= Jersey Shore, Pine Creek and State Line Railroad =

The Jersey Shore, Pine Creek and State Line Railroad was a paper railroad planned in northern Pennsylvania.

The railroad was incorporated on April 11, 1853, to run from Jersey Shore, in Lycoming County, to the New York state line, up Pine Creek through Tioga, Potter and McKean Counties, or turning at Gaines from Pine Creek up Long Run to reach the state line. Alexander H. McHenry, a prominent local surveyor, was one of the original incorporators. Another was John A. Gamble, a resident of Jersey Shore and state Canal Commissioner. The charter was amended on April 4, 1854, to allow the railroad to build up the "third fork of Pine Creek" and down Crooked Creek to connect with the Tioga Railroad near Tioga. Another supplement, on March 25, 1856, allowed the railroad to build a branch up the "first fork of Pine Creek" to the Larrys Creek Plank Road at English Center and on up Blockhouse Creek to reach Blossburg, site of coal mines and the terminus of the Tioga Railroad. Despite this legislative activity, little work took place, and the company was quiescent for several years.

A revival of the corporation took place in 1864, directed by Francis Hughes. The charter was amended on April 14, 1864, to permit the construction of the branch to Tioga via Marsh Creek (the "third fork of Pine Creek") and Crooked Creek once the main line had been located as far as Manchester, on the third fork, and also allowed it to construct branches to the Philadelphia and Erie Railroad from Jersey Shore, or to any other railroad in Clinton or Lycoming Counties. A final amendment to the charter on March 21, 1865, allowed the company to change its name. While a new survey was run, the enterprise again failed to go forward.

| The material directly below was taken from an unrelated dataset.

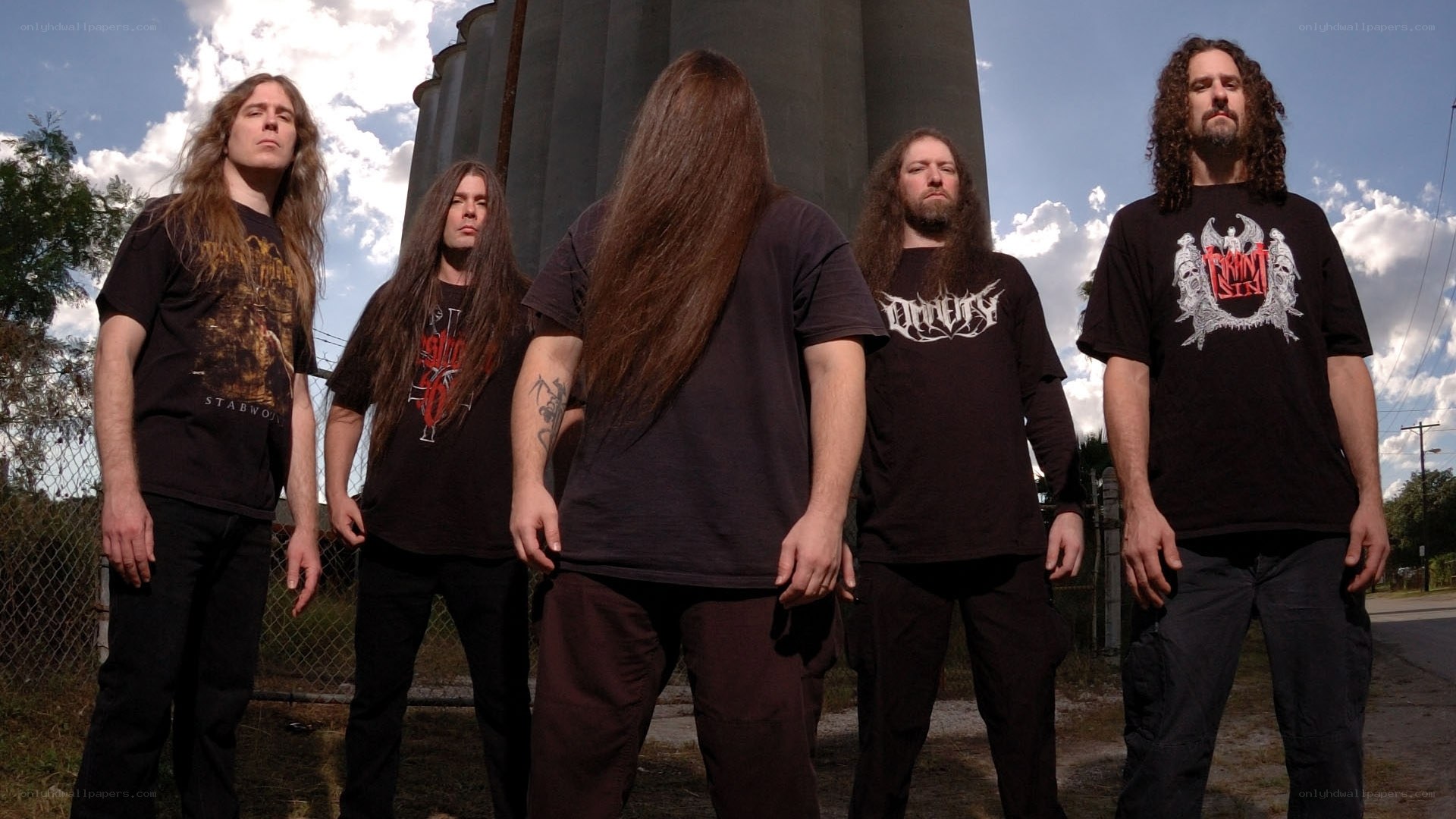 metal band posing outdoors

A local history states that the "name was merged into the Jersey Shore, Pine Creek and Buffalo Railway" in 1870, but that railroad possessed a separate charter, and no corporate merger ever seems to have taken place. That company did succeed in building a line from Jersey Shore up Pine Creek and then Marsh Creek to a junction with the Fall Brook Railway, which had built south from Tioga. Some grading was done along Pine Creek to the west of Marsh Creek, but was sold to the Coudersport and Port Allegany Railroad and never completed as a through line.